Guiding Neural Collapse: Optimising Towards the Nearest Simplex Equiangular Tight Frame

TL;DR

This paper leverages the Neural Collapse phenomenon, specifically the convergence to a Simplex ETF, to develop a Riemannian optimisation method that accelerates training convergence and improves stability in neural networks.

Contribution

It introduces a novel Riemannian optimisation approach based on nearest simplex ETF geometry to guide neural network training.

Findings

Accelerates convergence in neural network training

Enhances training stability across architectures

Effective on both synthetic and real-world datasets

Abstract

Neural Collapse (NC) is a recently observed phenomenon in neural networks that characterises the solution space of the final classifier layer when trained until zero training loss.

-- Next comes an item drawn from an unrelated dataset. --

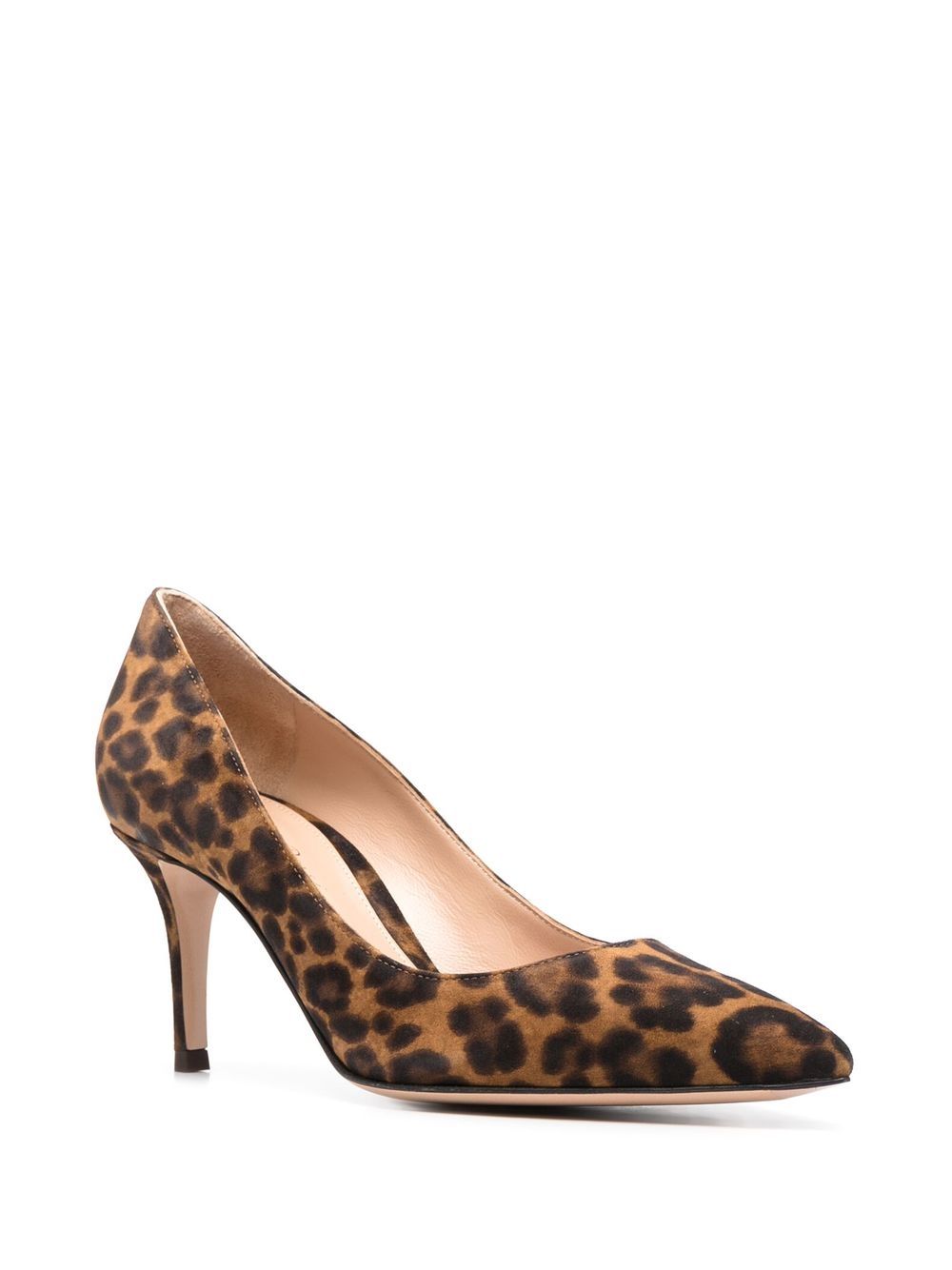 Gianvito Rossi With Heel Brown Gianvito Rossi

Specifically, NC suggests that the final classifier layer converges to a Simplex Equiangular Tight Frame (ETF), which maximally separates the weights corresponding to each class. By duality, the penultimate layer feature means also converge to the same simplex ETF. Since this simple symmetric structure is optimal, our idea is to utilise this property to improve convergence speed. Specifically, we introduce the notion of nearest simplex ETF geometry for the penultimate layer features at any given training iteration, by formulating it as a Riemannian optimisation. Then, at each iteration, the classifier weights are implicitly set to the nearest simplex ETF by solving this inner-optimisation, which is encapsulated within a declarative node to allow backpropagation. Our experiments on synthetic and real-world architectures for classification tasks demonstrate that our approach accelerates convergence and enhances training stability.